Senin, 08 Mei 2017

Balada CInta Nyi Roro Kembang Sore


                Dahulu kala, hiduplah seorang gadis nan cantik jelita dari daerah Tulungagung. Dia adalah seorang resi atau pendeta bernama Winadi, yang tak lain dan tak bukan adalah sosok Nyi Roro Kembang sore. Putri dari Pangeran Bedalem dari dukuh Bonorowo Dia memutuskan untuk menjadi seorang resi dan bertapa di gunung CIlik setelah seseorang yang amat dicintainya tewas, dibunuh oleh Kyai Kasan Besari dan Pangeran Bedalem. 

                 Sungguh kisah cinta yang amat memilukan.


                 Penghianatan yang dilakukan oleh Kyai Kasan Besari terhadap gurunya Kyai Pacetlah yang menjadi awal mula kisah ini. Kyai Besari yang terkena hasutan Pangeran Kalang (paman dari Nyi ROro Kembang Sore) untuk membangkang dan membuat perguruan sendiri dengan aliran hitam inilah yang membuat Kyai Pacet murka.
           
                 Kyai Pacet akhirnya menyuruh putra mahkota majapahit dan muridnya untuk menangkap Kyai Kasan Besari. Namun, tak dinyana. Putra mahkota tewas saat bertarung dengan Kyai Kasan Besari. Raja Majapahit yang mendengar bahwa putra Mahkota tewas terbunuh, memerintahkan Pangeran Lembu Peteng untuk mencari keberadaan Kyai Kasan Besari.

Ilustrasi Pangeran Lembu Peteng

                  Namun, di tengah pencariannya. Justeru Pangeran Lembu Peteng ini bertemu dengan sosok perempuan nan cantik jelita, bernama Nyi Roro Kembang Sore. Cinta pada pandangan pertama inilah yang membuat mereka berdua lupa akan bahaya yang mengintai mereka.
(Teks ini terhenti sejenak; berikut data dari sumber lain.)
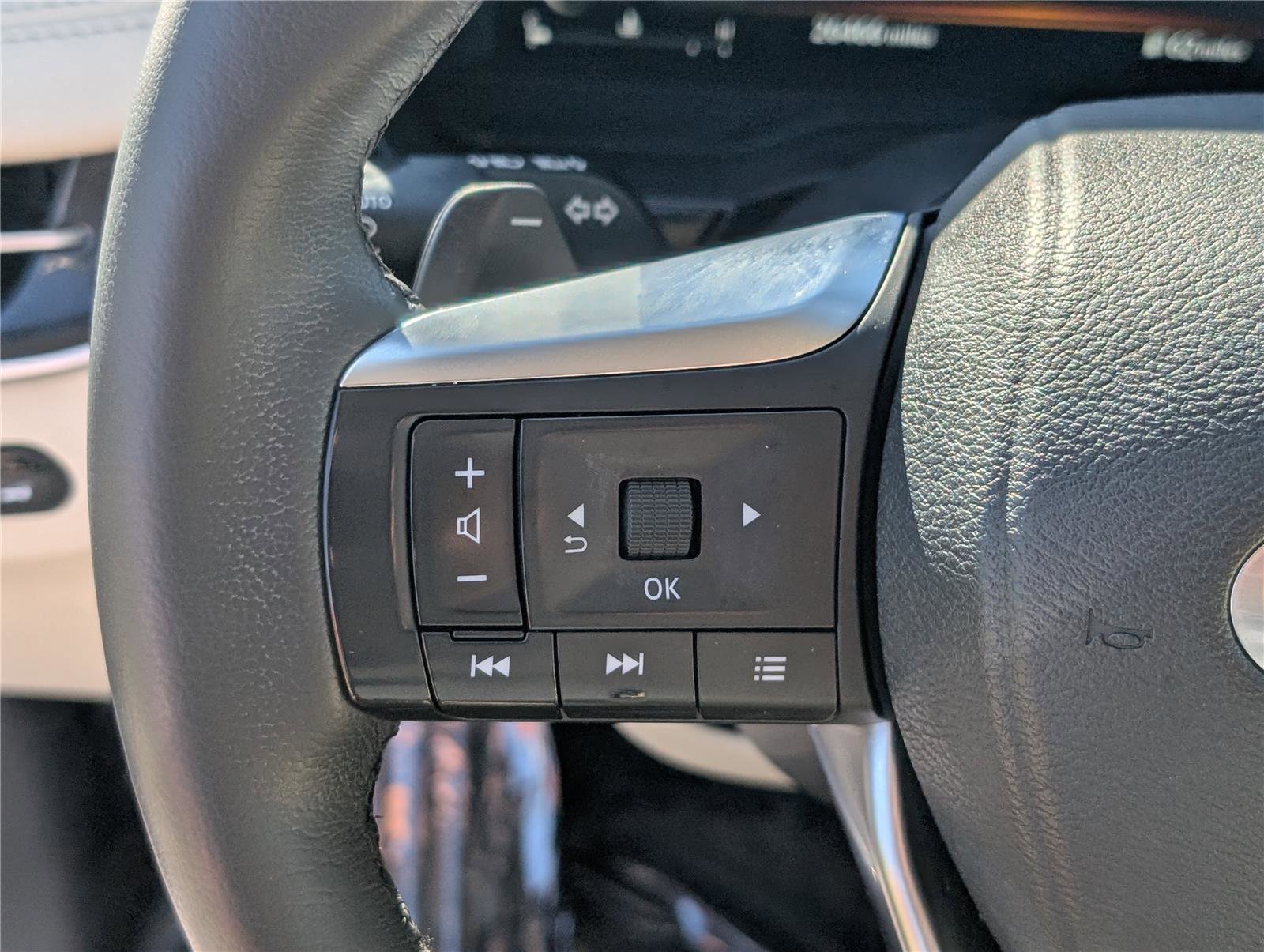 Used 2023 INFINITI QX60 Luxe w/ Cargo Package image 26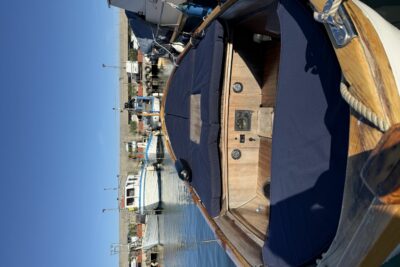 0 cabin 0 guest motor boat in Lavagna (Italy) - boat image 6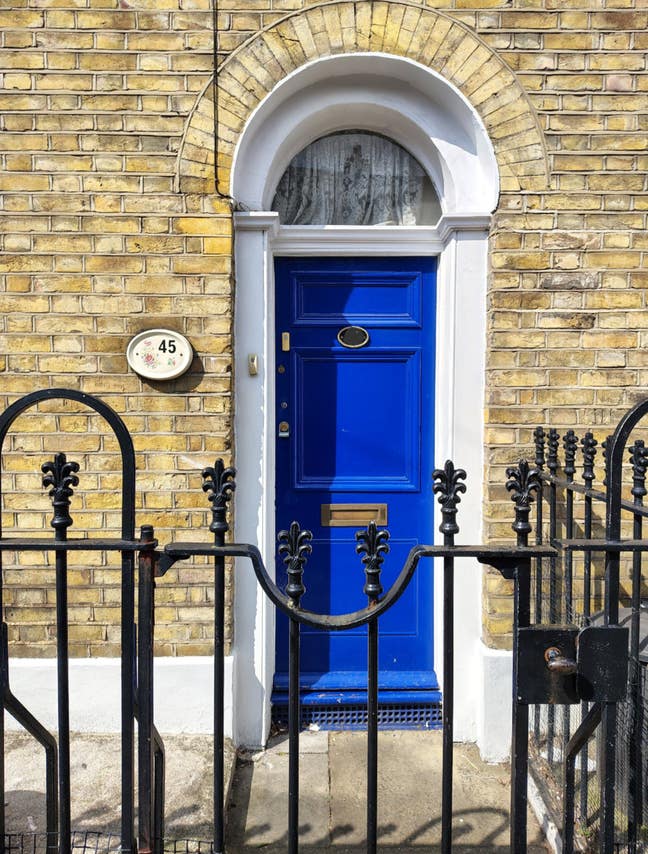 Double room available in E1 Main Photo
                  Pangeran Lembu Peteng lupa akan tugasnya untuk mencari Kyai Kasan Besari. Dia justeru tengah dimabuk cinta oleh kecantikan Nyi Roro Kembang Sore. Pangeran Kalang yang mengetahui hal ini, memberitahukan pada Pangeran Bedalem yang tengah bersembunyi di Ringin Putih. Pangeran Bedalem murka dan terjadilah pertarungan antara Pangeran Lembu Peteng dan Pangeran Bedalem. Namun, hasilnya imbang. Dan mereka berhasil kabur dari pengejaran.

                  Nyi Roro Kembang Sore dan Pangeran Lembu Peteng memutuskan untuk lari ke Majapahit. Namun, di tengah perjalanan, pertarungan itu terjadi lagi. Pangeran Bedalem yang tak terima, meminta bantuan pada Kyai Kasan Besari untuk membunuh Pangeran Lembu Peteng. Pertarungan sengit yang tak seimbang itupun akhirnya membuat tumbang Pangeran Lembu Peteng. Dia tewas dan jasadnya dibuang di sungai. Dan sungai itu yang sekarang terkenal dengan nama Sungai Lembu Peteng.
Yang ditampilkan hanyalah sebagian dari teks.